To have each element be a string of characters, you need to declare your array in the following way:
char string_array[3][3][256];
I am not sure this is what you want to do though. Mw feeling is that you want an array of 3 elements where each element is a string. In that case, [3] is hardly enough, your strings will have to be less than two characters (the third being reserved for the terminating zero).
Strings aren't a type. They're a value pattern, like if you say an int stores a multiple of ten, then it ends in 0... If you say an array of char stores a string, then it ends at the first '\0', see? We can store multiples of ten in different kinds of integer variables, and likewise for strings.
Strings are patterns of values, not types. When choosing which integer type we want to use, we consider the range for integers. We choose int for small integer values (less than 32768), long for larger values (less than 2147483648) or long long for values larger than that. As a result, we choose the correct type of integer depending on the multiple of ten we expect. Likewise for strings, we need to make sure we have enough memory for the characters in the string followed by the '\0' at the end.

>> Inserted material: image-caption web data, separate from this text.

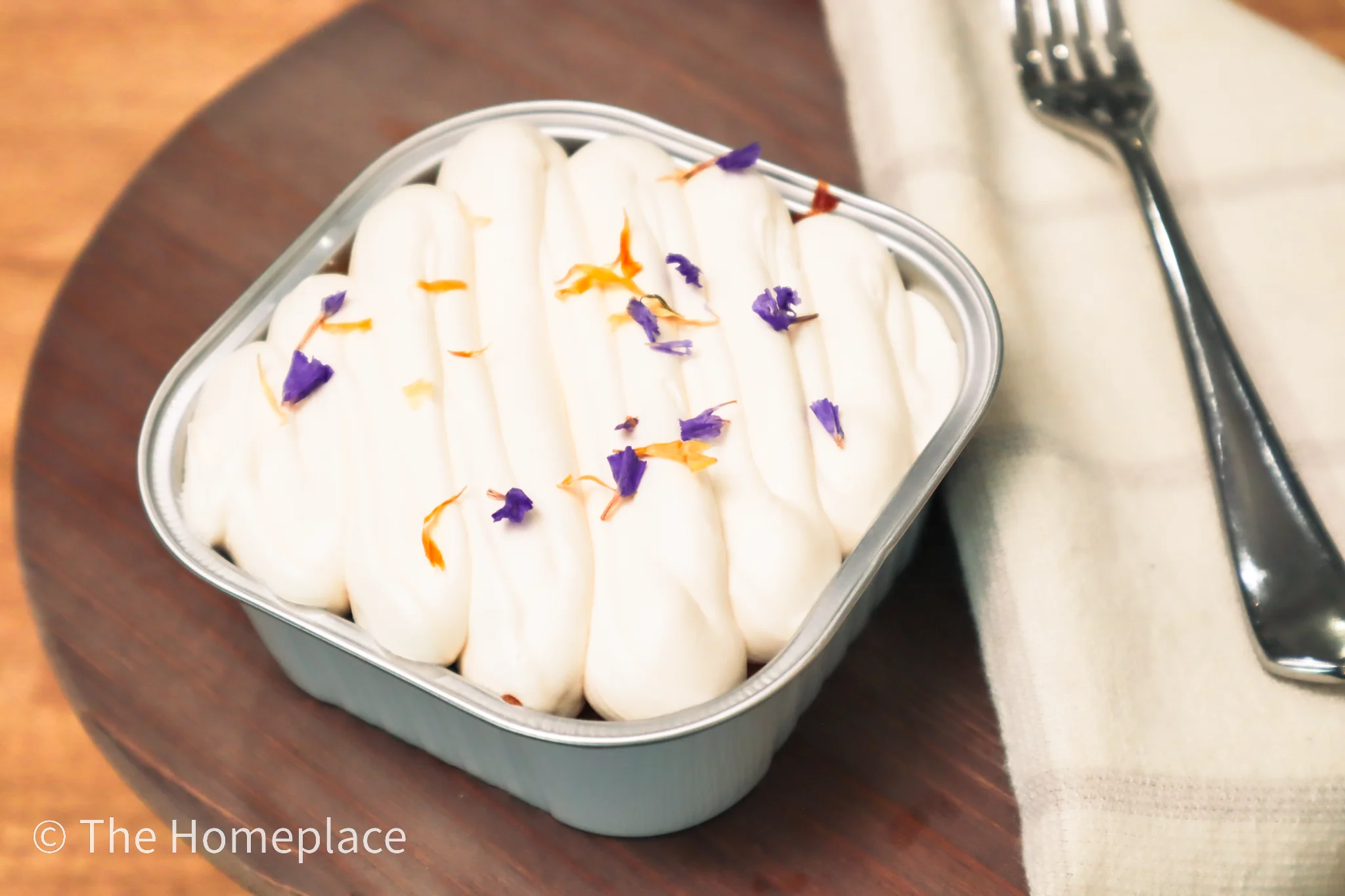 Delicate floral panna cotta dessert in a metal dish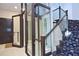 Interior view showcasing a glass elevator and elegant staircase with patterned carpet at 361 Benjamin Franklin Dr # A, Sarasota, FL 34236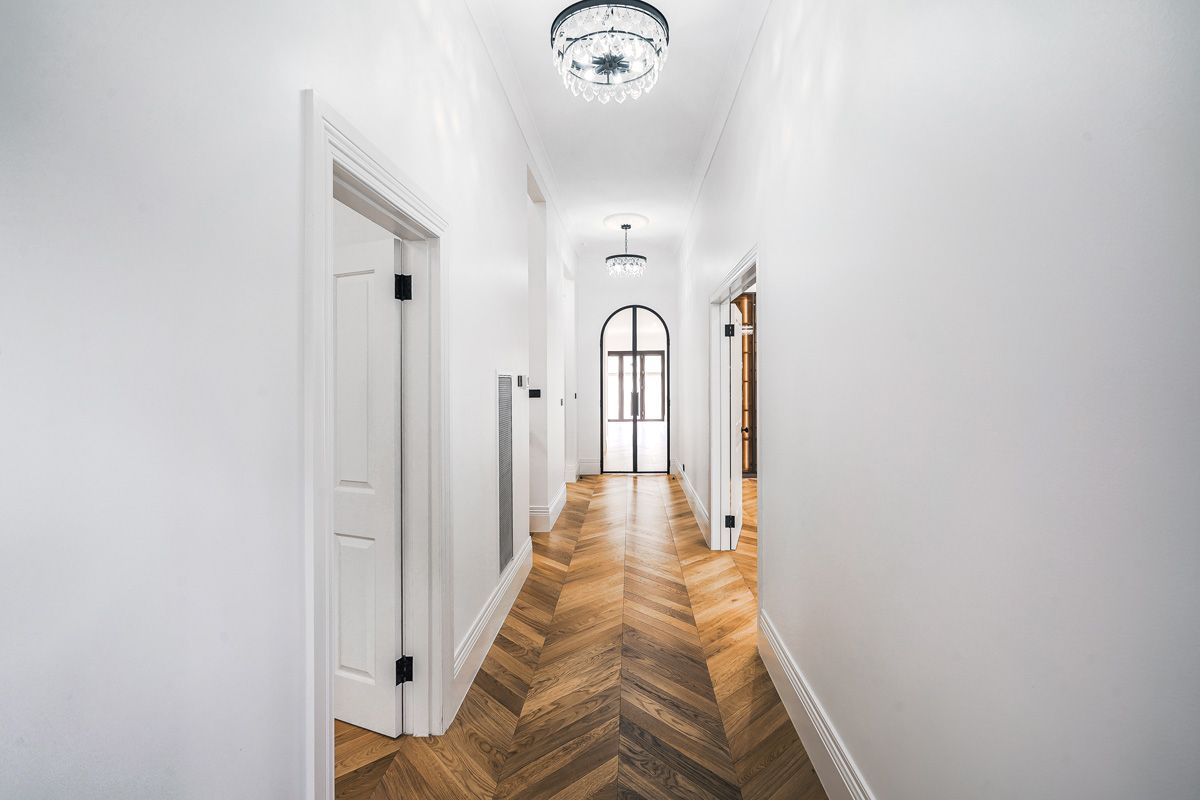 Chevron flooring aligned along a Kew hallway towards an arched steel-framed door.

The character &c_array[x][y] only has enough memory for 0 characters followed by a '\0' at the end; it's only useful for storing an empty string. Perhaps you meant to declare c_array like this:
char c_array[3][3][256];
In this case, scanf expects %s to correspond to an argument of the type char *... but as your compiler will probably warn you, &c_array[x][y] will have the type char (*)[256]. If you want to fix that warning, you'll need to remove the & from your scanf code:
if (scanf("%s", c_array[x][y]) != 1) {
/* XXX: Handle an error here, *
* e.g. by exiting or returning or something */
}
While we're on that topic, you'll notice that I removed the redundant space; %s already performs the functionality that the format directive would perform. I also wrote code to check the return value of scanf, as you should...
Remember how we spoke about choosing the types of integers that we use to store data? One other consideration is whether or not the data we intend to store can be negative. Consider this: In your code, should x and y be able to store negative values? What sense does a negative array index make? It is advisable that all array indexes be declared as size_t. When you use printf to print a size_t value, you'll want to use the %zu format specifier rather than %d.
char c_name[256];
/* ... */
printf("The string is %s\n",c_name);
Now, if the string is stored into c_array[x][y], then what is the point of c_name? That's an unnecessary variable. Use c_array[x][y], instead.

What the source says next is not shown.